On Wed, Jan 05, 2005 at 02:42:15PM -0000 or thereabouts, Ian Stokes-Rees wrote:
> Hi everyone,
>
> Dimitris Zilaskos wrote:
> > I have forced one of the jobs to rerun and placed it on hold, leaving
> > once cpu free for other tasks. Is there any better solution?
>
> This is not a great solution for us (LHCb) -- although I've cc'ed the
> experts who may correct me. Our jobs are not atomic and self-contained.

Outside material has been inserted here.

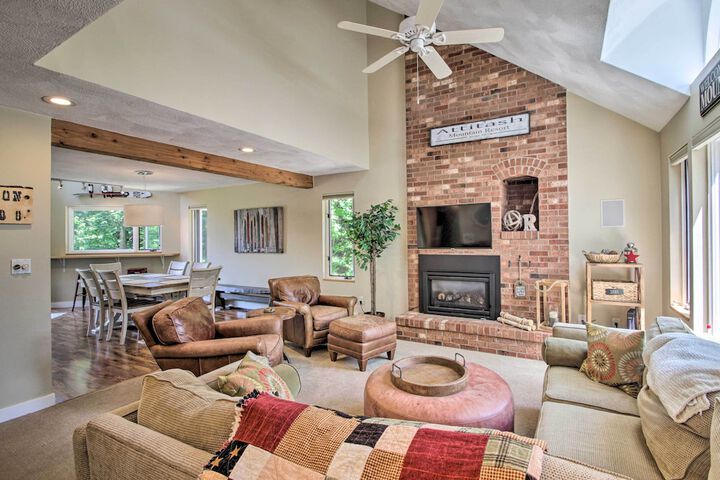 Bartlett Condo w / Mtn-view Deck 1 Mi to Skiing!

> They interact with a job database and once they start we expect them
> to finish, or to let the job database know they have failed and are
> aborting. We have a "sweeper" process which looks for stale jobs which
> have mysteriously died, but (I believe) this then creates work for
> someone to manually restart/resubmit that job with the given parameters.
>
> The jobs should time out themselves so they can report that they have
> failed which will start an auto-resubmission. I understand this is not
> desireable from a site's point of view as it means nodes may sit idle
> while they wait for a blocked transfer to complete (network outage,
> power outage, overloaded node, node reboot, node crash, etc.), or to
> terminate due to timeout.
Hi Ian,
And from your point of view as well, you have an allocation based on
wall time here. You will be using that allocation while waiting. At
the moment this is a non issue since LHCb is still the only one submitting
enough fast enough. You are currently using 30 times your allocation
anyway at RAL. If another group can submit fast enough then you will
be squashed down.
Writing a sweeper to replicate files not at CERN to CERN would seem
as sensible thing to do?
Steve
>
> I suppose it would be nice if jobs could get the equivalent of (or
> exactly) a TERM signal and then be given a minute or two to tidy up as
> best possible and exit themselves, and if not a KILL could be issued.
>
> Ian
>
> --
> Ian Stokes-Rees [log in to unmask]
> Particle Physics, Oxford http://grid.physics.ox.ac.uk/~stokes
--
Steve Traylen
[log in to unmask]
http://www.gridpp.ac.uk/
|